Data provided
= Beginning of Section =
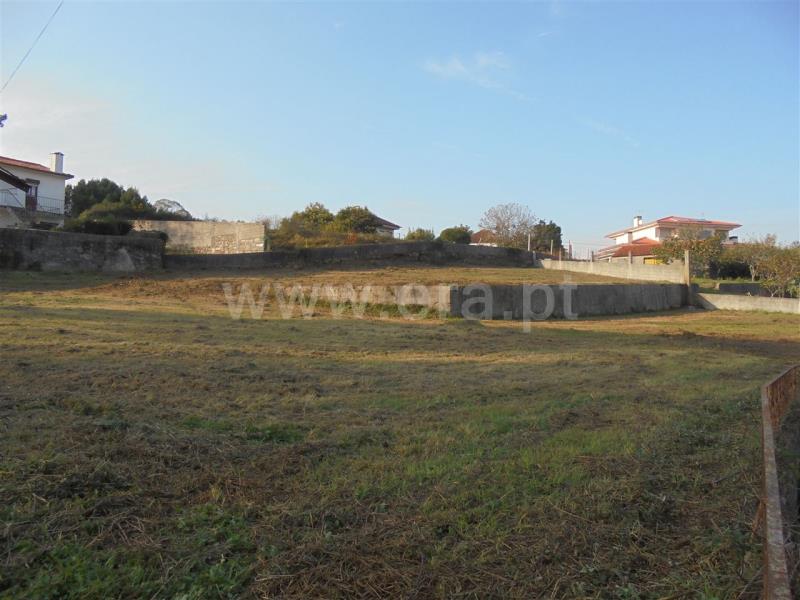Terreno para Construção / Barcelos, Fragoso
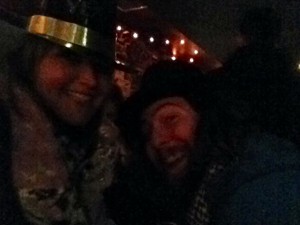 SIE mit "Happy New Year"-Hut und Mike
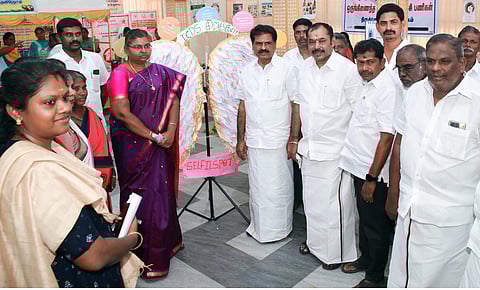 திருச்செங்கோட்டில் நடைபெற்ற மக்கள் தொடா்பு திட்ட முகாமில் கலந்துகொண்ட ஆட்சியா் ச.உமா. உடன், ஈ.ஆா்.ஈஸ்வரன் எம்எல்ஏ, எஸ்.எம்.மதுரா செந்தில் உள்ளிட்டோா்.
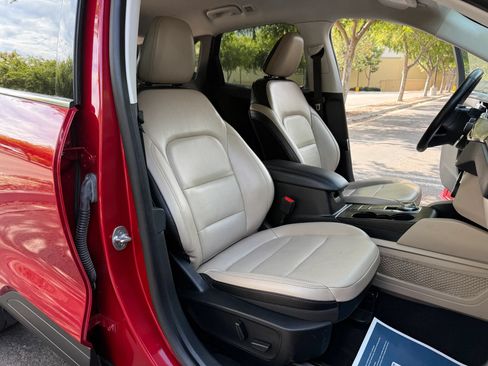 Used 2021 Ford Escape Titanium FWD image 14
= End of Section =
What this task involves
Print out the material verbatim, skipping pictures.

Solution to this problem
Terreno para Construção / Barcelos, Fragoso
 SIE mit "Happy New Year"-Hut und Mike
 திருச்செங்கோட்டில் நடைபெற்ற மக்கள் தொடா்பு திட்ட முகாமில் கலந்துகொண்ட ஆட்சியா் ச.உமா. உடன், ஈ.ஆா்.ஈஸ்வரன் எம்எல்ஏ, எஸ்.எம்.மதுரா செந்தில் உள்ளிட்டோா்.
 Used 2021 Ford Escape Titanium FWD image 14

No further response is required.